Task requirements:
The full listing should be written out verbatim, and its images should be dropped.

Raw data:
== Segment start ==
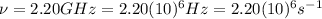 \nu=2.20 GHz=2.20(10)^{6}Hz=2.20(10)^{6}s^{-1}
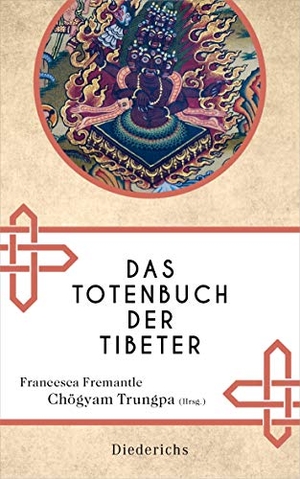 Fremantle, Francesca / Chögyam Trungpa (Hrsg.). Das Totenbuch der Tibeter - Neuausgabe des Klassikers. Diederichs Eugen, 2020.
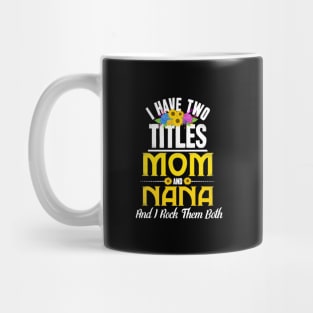 I Have Two Titles Mom And Nana And I Rock Them Both Mug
== Segment end ==
Solution:
 \nu=2.20 GHz=2.20(10)^{6}Hz=2.20(10)^{6}s^{-1}
 Fremantle, Francesca / Chögyam Trungpa (Hrsg.). Das Totenbuch der Tibeter - Neuausgabe des Klassikers. Diederichs Eugen, 2020.
 I Have Two Titles Mom And Nana And I Rock Them Both Mug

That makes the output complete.